Has anyone wondered why an alleged “sports organization” continues to enjoy a century-long exemption from the monopoly-busting Sherman Antitrust Act while its leader, Commissar Rob Manfred, can unilaterally move the All-Star Game out of Atlanta in what has already been characterized as an illogical, hypocritical, monopolistic, and anti-American political action?
Given that the Atlanta population is 51 percent black, Commissar Manfred’s doltish action will adversely affect the economics of the very people he allegedly seeks to protect.
The only thing “major” about MLB is the gigantic $10.7 billion in revenue it keeps because Congress has not yet closed the loophole in the Sherman Antitrust Act.
And that $10.7 billion is spread among a mere 40 principal owners and a total of about 630 Major League ballplayers. With a rough tally of starting salaries at over $500,000, and many times beyond that for seasoned players, principal owners could still expect over $200 million each.
If Commissar Manfred is serious about voting rights, why doesn’t he simply surrender the MLB loophole and contribute the taxable chunk of that $10.7 billion to voting integrity?

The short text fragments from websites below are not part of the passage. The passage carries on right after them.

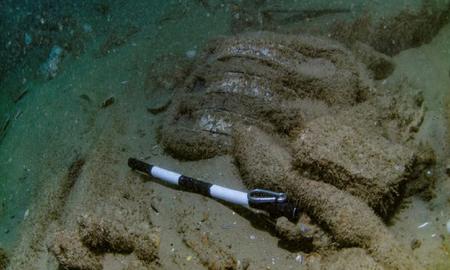 Inglaterra: encontraron restos de un buque hundido del siglo XVII junto a las costas británicas Inglaterra: encontraron restos de un buque hundido del siglo XVII junto a las costas británicas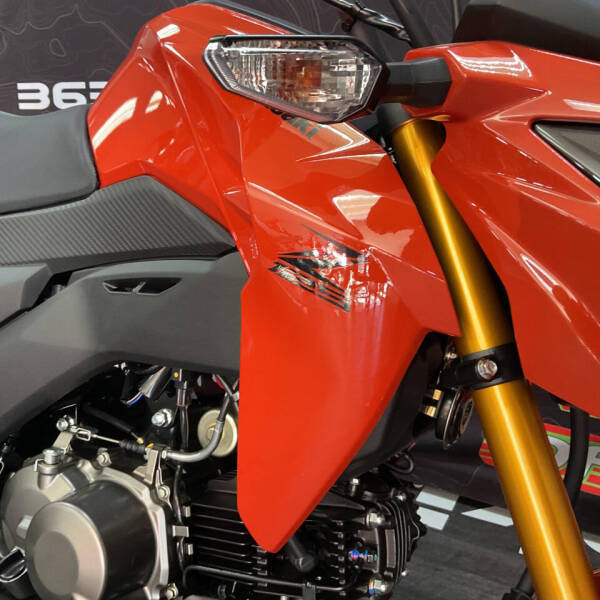 2025 Kawasaki Z125 Pro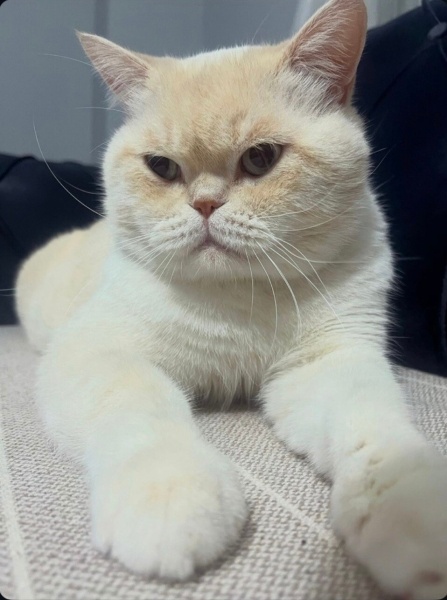 Brazilian Shorthair, Kedi  Pamuk fotoğrafı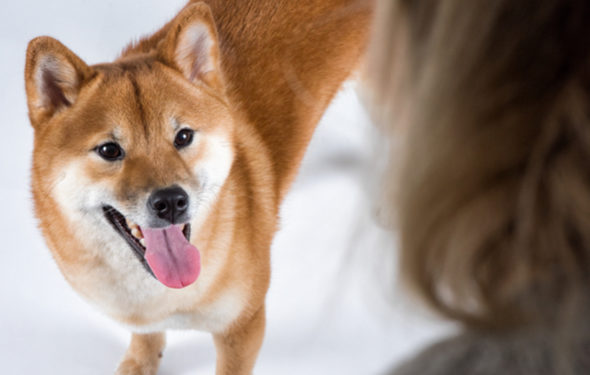 Pourquoi mon chien me suit-il partout?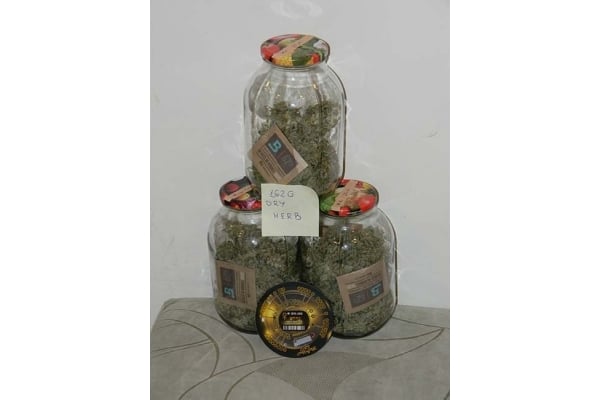 King's Kush Autoflowering (Greenhouse Seeds) féminisée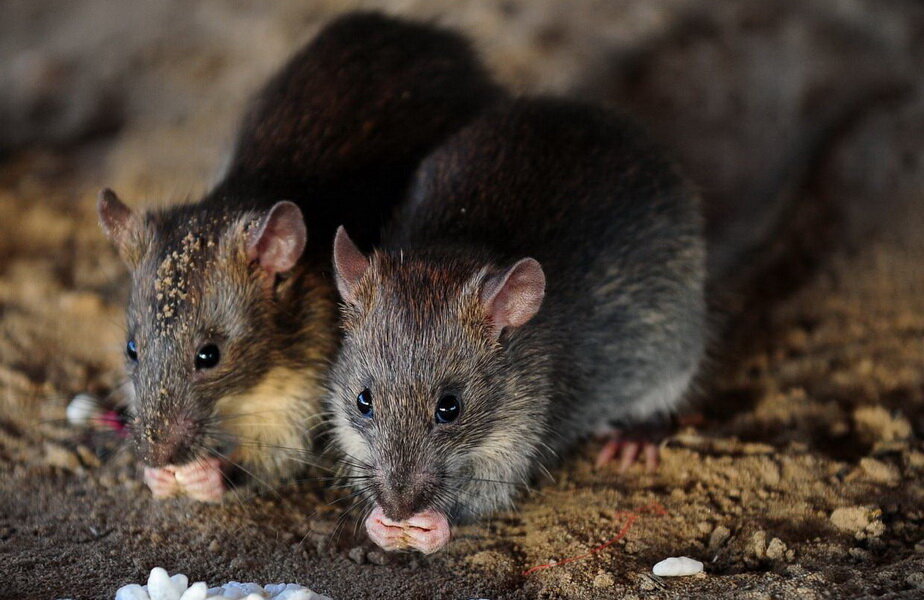 Autoritățile din Jakarta oferă 1,5 dolari pentru fiecare șobolan capturat ► Foto: The Independent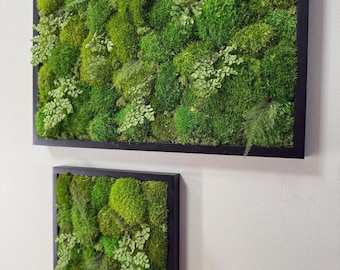 Moss Art: Natural Wall Hanging, Woodland Home Decor, Fern, Real Preserved Moss, Office, Spa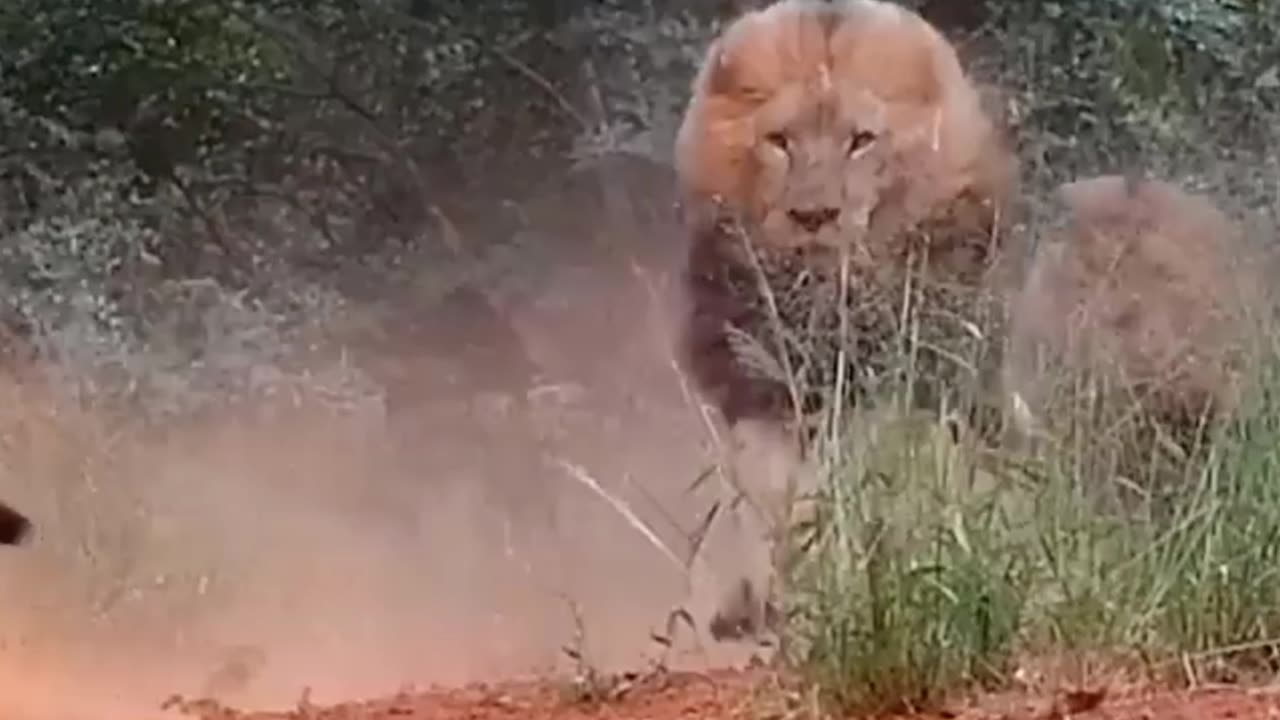 Angry lion running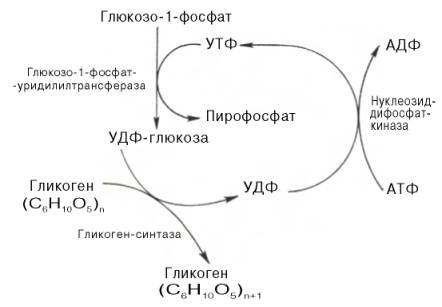 образование alpha-1,4-глюкозидной ветви («амилозной» ветви) гликогена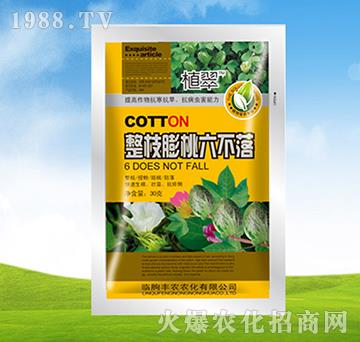 整枝膨桃六不落-植翠-豐農(nóng)農(nóng)化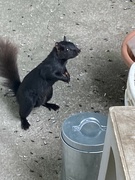 8th Jun 2023 - Wild June- Curious Squirrel 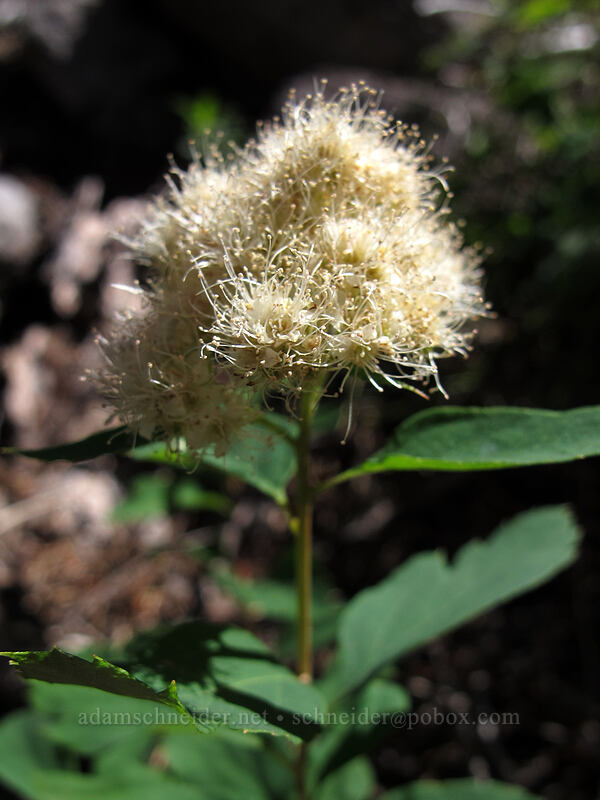 white spirea (Spiraea lucida (Spiraea betulifolia var. lucida)) [Elk Cove Trail, Mt. Hood National Forest, Hood River County, Oregon]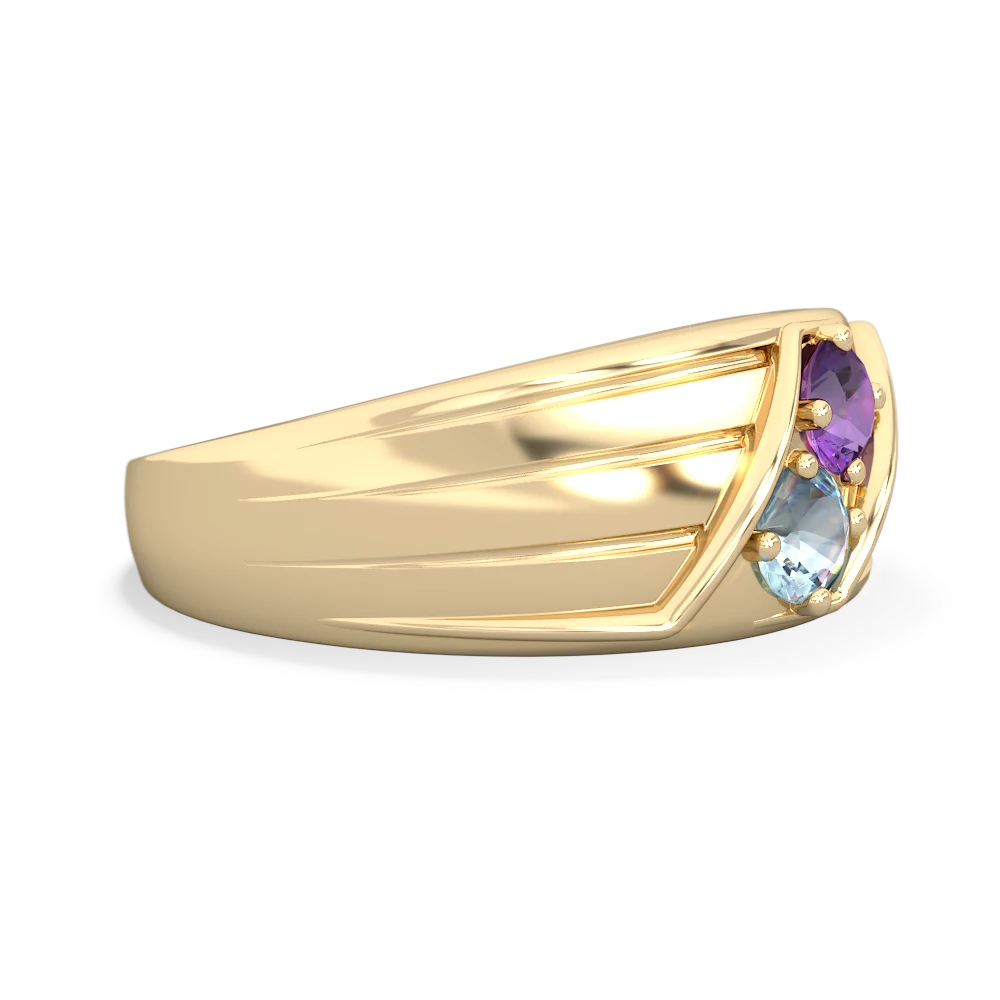 Amethyst Men's Streamline 14K Yellow Gold ring R0460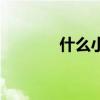 什么小鸟填动词（什么小鸟）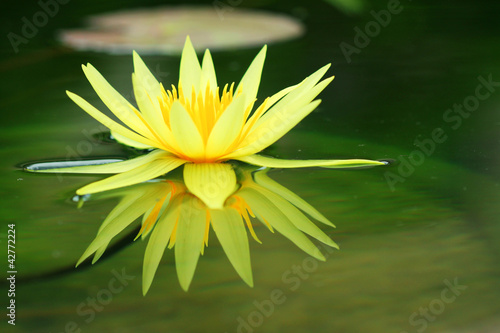 Photo: Lotus background blur. Lotus background blur.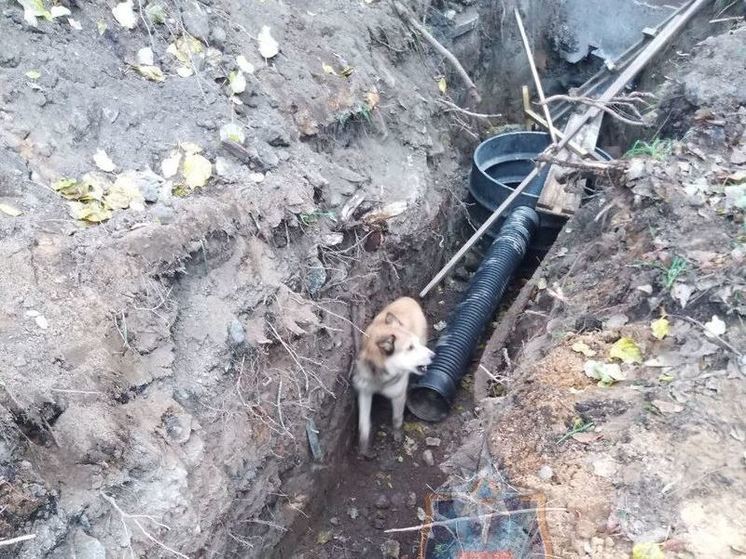 Спасатели в Тосно вытащили собаку, упавшую в траншею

Is he afraid that the 40 principal owners might demur? Is he afraid that without the exemption new teams would spring up everywhere because he no longer would be running a monopoly?
What if everyday baseball fans, who shell out $34 or more per ticket to make MLB people really wealthy, decided that MLB should not be able to dictate political doctrine to them?
And then they stopped buying tickets.
And then they boycotted MLB advertisers.
Note to Commissar Manfred: You might be well advised to shut up and just play baseball, you know, what used to be called America’s favorite pastime . . . or risk having your fan base help to get your antitrust waiver shoved so far up your infield it will take the entire grounds crew to remove it, with the help of a diesel tractor and a team of talented proctologists.
You think the 40 owners would disagree?
Pass me the Cracker Jack.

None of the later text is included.